Kimi Linear - A New Hybrid Linear Attention Architecture Open-Sourced by Dark Side of the Moon

Latest AI Resources2mos agorelease AI Sharing Circle

27.4K 00

What's Kimi Linear?

Kimi Linear is a new hybrid linear attention architecture open-sourced by Dark Side of the Moon, with Kimi Delta Attention (KDA) as the core, which optimizes the traditional attention model through a finer-grained gating mechanism, significantly improving hardware efficiency and memory control. The architecture adopts a 3:1 hybrid hierarchical structure, i.e., one full attention layer (MLA) is inserted after every three KDA linear attention layers, which ensures efficient local information processing and periodically captures global dependencies.

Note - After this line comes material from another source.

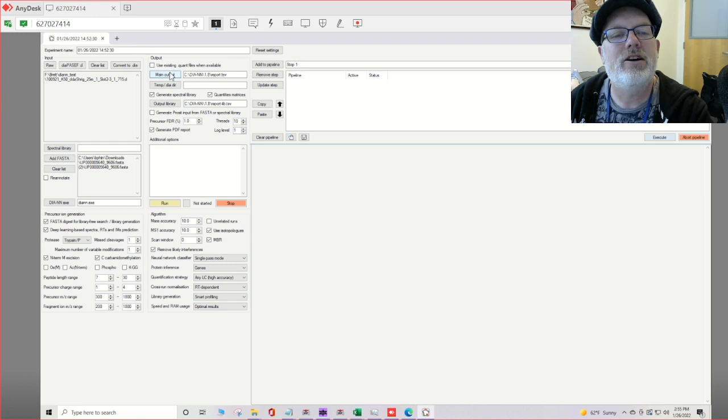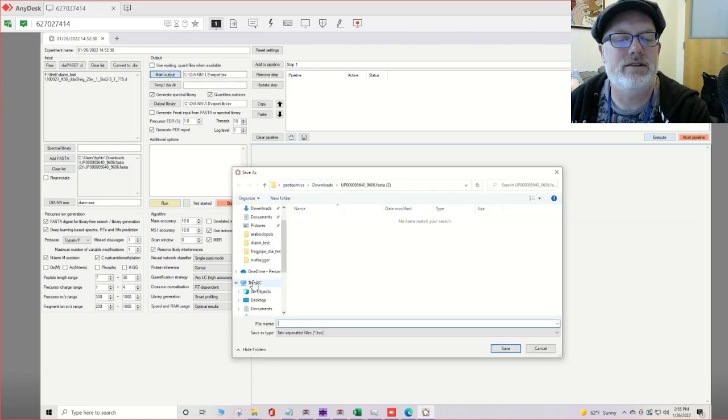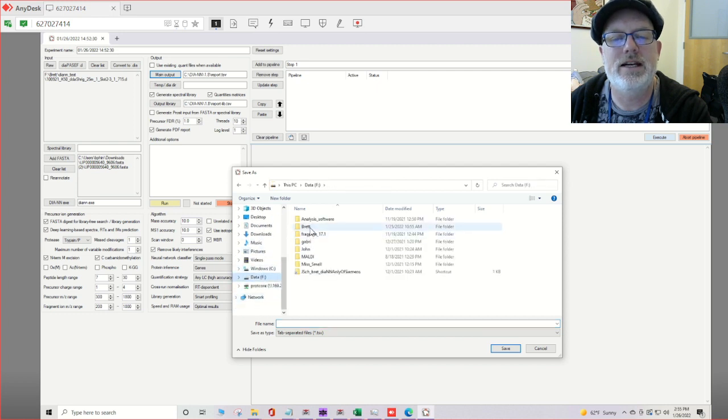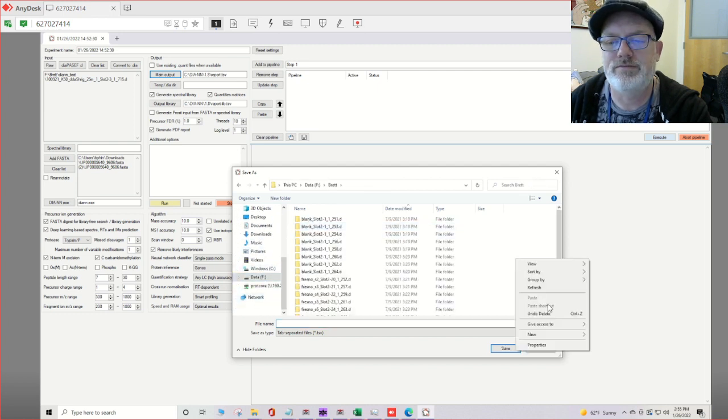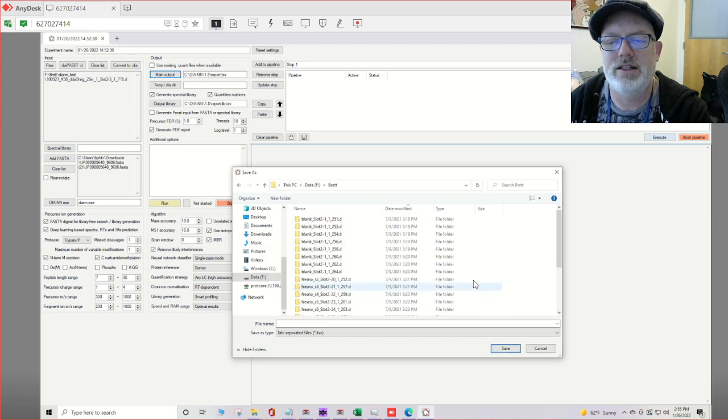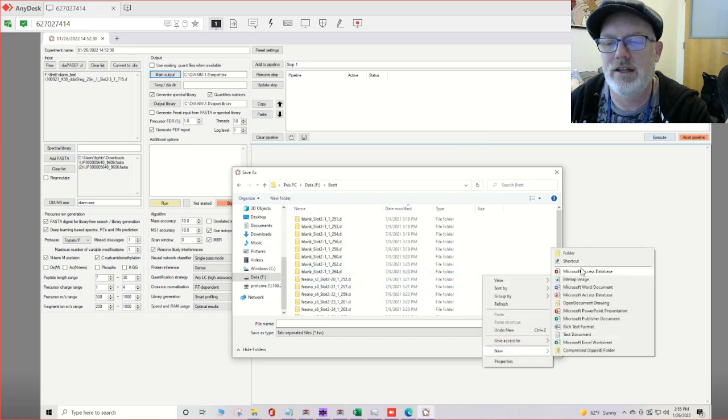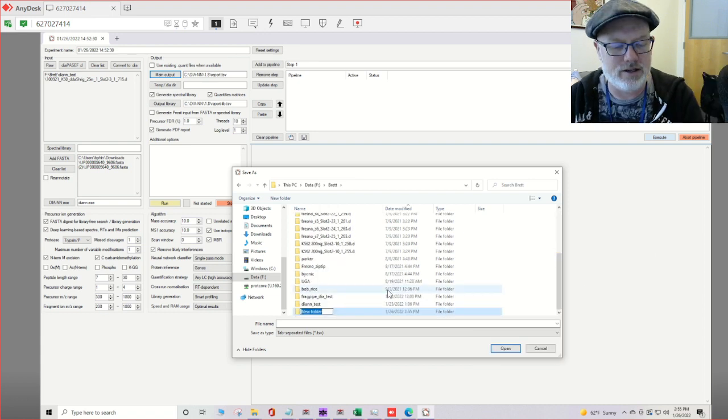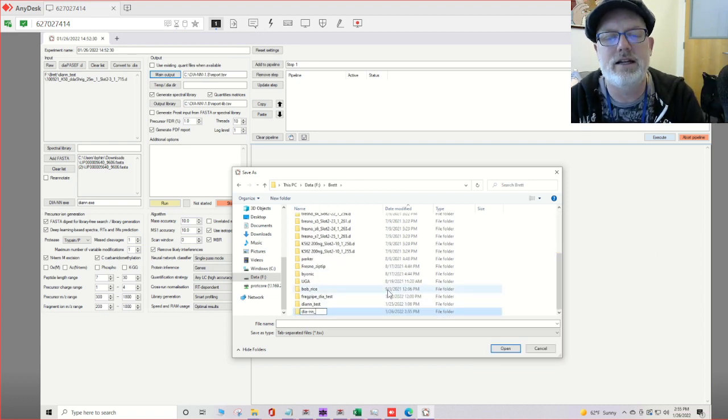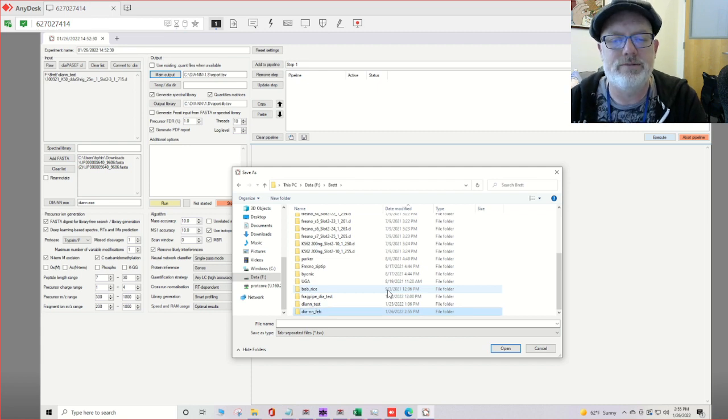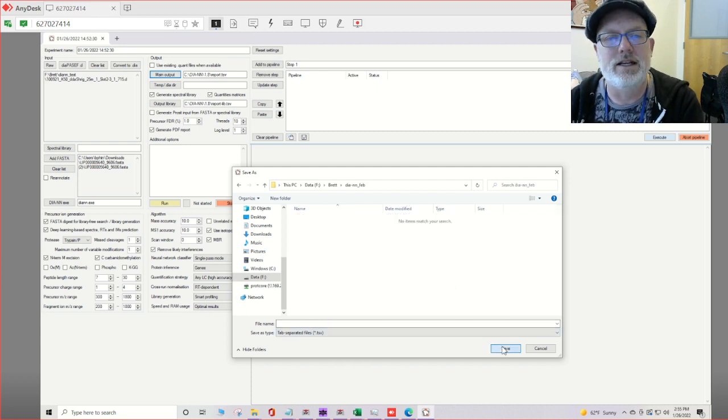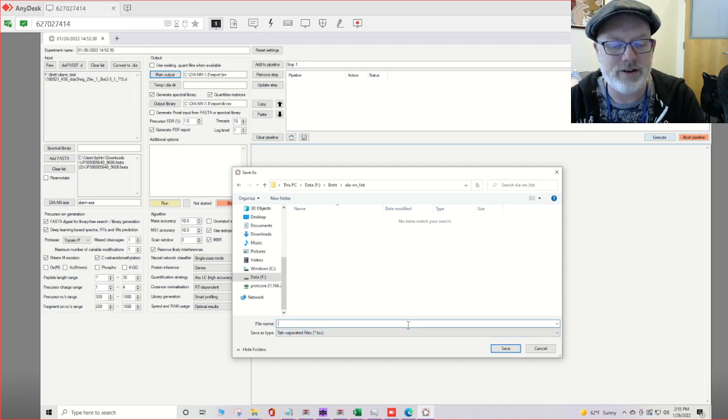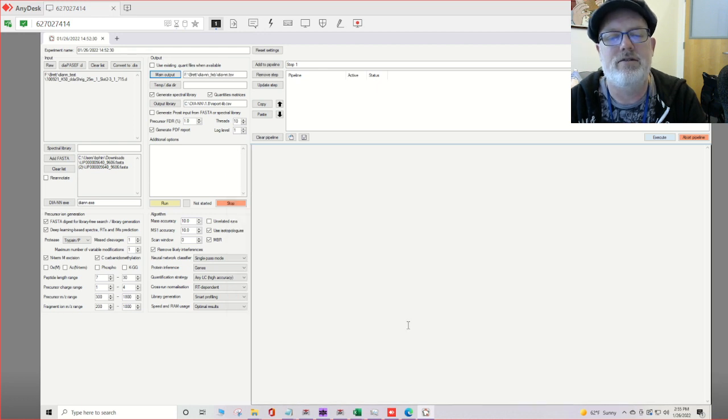The main output we're going to want to change to a directory anywhere on your drive. I'm going to put that in fbret. I'm going to make a new folder and call it DIA-NN February or something. Select that and just give it an output like whatever output your file is going to be. So DIA-NN whatever.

Combined with the Mixing of Experts (MoE) technique, Kimi Linear activates only 3 billion parameters per forward propagation at a parameter scale of 48 billion, dramatically improving computational efficiency.

Features of Kimi Linear

Efficient Architecture DesignThe 3:1 hybrid hierarchical structure combines linear attention and full attention, balancing efficiency and global information capture.
Innovative attention mechanisms: Kimi Delta Attention (KDA) at the core introduces channel-level diagonal gating and special matrix parameterization to optimize memory control and hardware efficiency.
Expert hybrid technology: Incorporate Mixing of Experts (MoE) to improve computational efficiency by activating only 3 billion parameters per forward propagation at 48 billion parameter size.
Significant Performance Improvements: KV cache utilization is reduced by 75%, and long context decoding throughput is improved to 6x that of the full MLA model for long sequence tasks.
Open Source and Ease of Use: KDA kernel and vLLM The implementation has been open-sourced to provide pre-training and instruction tuning model checkpoints for research and applications.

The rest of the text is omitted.